17:00 / European premiere
(US)
Few living jazz musicians have been involved in as much history-making as Andrew Cyrille, who will celebrate his 84th birthday five days after tonight’s performance. He is known best for his visionary contributions to free jazz, including a stint as one Cecil Taylor’s most visionary percussionists, but he has steeped in the music’s full history: as a teenager, he hung around folks like Philly Joe Jones and Max Roach, but he also played all kinds of international styles growing up in New York. As a linchpin of the avant-garde, he helped pioneer free percussion groups, including a duo with Milford Graves, and while he led his own groups through the 1970s, he collaborated widely working with the likes of Muhal Richard Abrams, John Carter, Walt Dickerson, Peter Kowald, David Murray, among others. His playing has always displayed an arresting clarity and narrative focus, and in its simplicity he has routinely used his kit as a melodic voice, responding to his collaborators with more than rhythm. Age has hardly slowed him, and he has experienced something of a renaissance with a series of albums for the record label ECM with players like Bill Frisell and David Virelles. For his rare Berlin appearance, he gives the European debut of his duo with tenor saxophonist Bill McHenry, an American now living in Barcelona, who rates as one of the most agile players in post-bop, a big-voiced improviser with a rich tone and a profound feel for the blues. In 2016, they released “Proximity”, a sublime series of mostly spontaneous dialogues that are staggering in their sense of proportion, elegance, and interaction. At Jazzfest Berlin they renew their fecund partnership.
Bill McHenry – saxophone
Andrew Cyrille – drums
This year's online magazine “Story” on the topic of “(Un-)Learning Jazz” presents some fascinating glimpses into life and work of Andrew Cyrille and asks about the conditions of jazz education.
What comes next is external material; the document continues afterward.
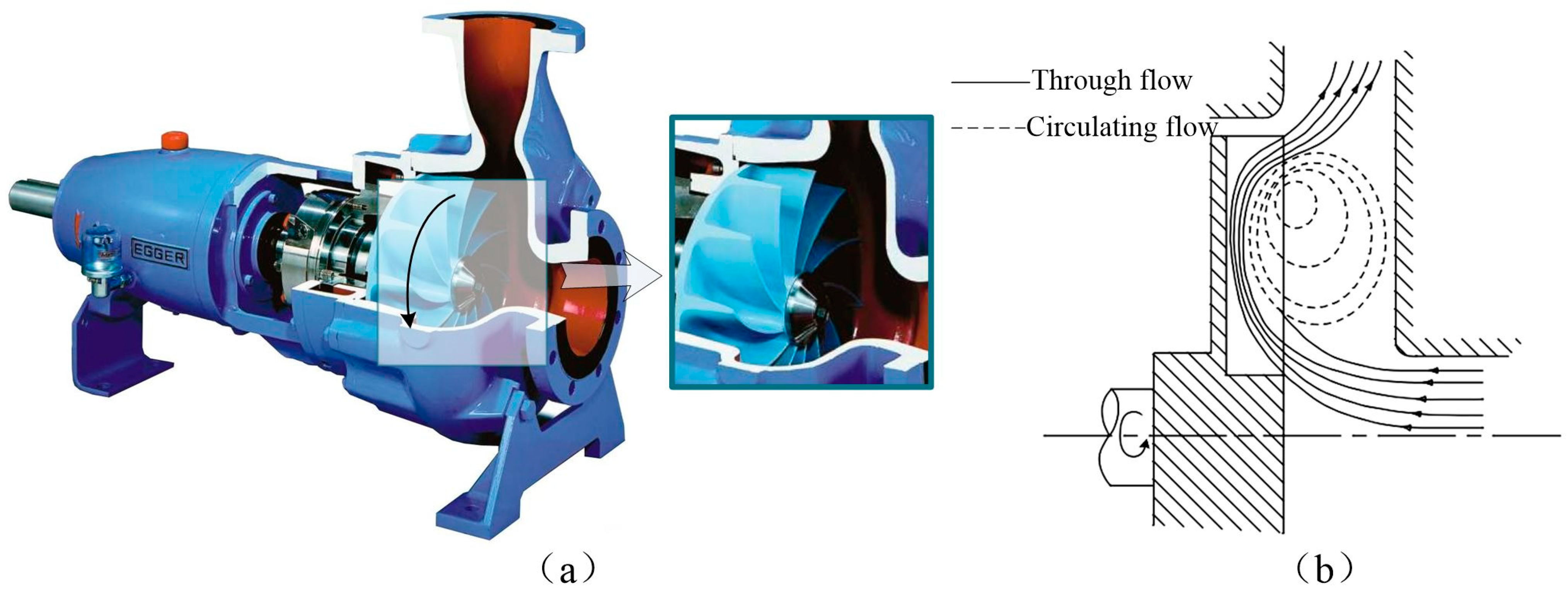 Machines 09 00353 g001 Machines 09 00353 g001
What criticism of the academic system is justified and how does one find one's own way in the widely ramified jazz biotope? The “Story” sheds light on the work of Andrew Cyrille.
18:30
(FR, BF, DE, BE, PT)
French pianist Eve Risser astounded Jazzfest Berlin audiences in 2019 with her inventive mastery of prepared piano in a solo performance, where she installed an arsenal of everyday objects inside of the piano, radically altering the timbre of the strings. She transforms the keyboard into a magical noisemaker tamed by meticulously designed, rhythmically-driven experimentsYet Risser also values community and collaboration, and over the last decade she has led several large ensembles where she pivots, to more conventional piano sounds, but there is not much typical about her latest project, Red Desert Orchestra . The ensemble, which makes its Berlin debut, explores fascinating connections between groove-driven jazz and the hypnotic cadences of West African traditions, which often incorporate the raw buzz of certain instruments, shadowing the tones she makes on piano. Last year the group released “Eurythmia”, a stunning, seamless marriage where sometimes plangent, sometimes raucous horn melodies ride atop infectious polyrhythms shaped by djembes, balafons, and baras, giving the frontline endless propulsion and feedback for improvisational sallies. The horn section includes alto saxophonist Antonin-Tri Hoang – who co-leads the group Novembre, which performs on opening night of this year’s festival – tenor saxophonist Sakina Adbou, and Berlin’s own Mathias Müller on trombone. In an era of endless division, Risser and her cohorts dissolve outdated and chlichéd dichotomies as Europe vs. Africa, creating a music that connects traditions and approaches with joy and respect.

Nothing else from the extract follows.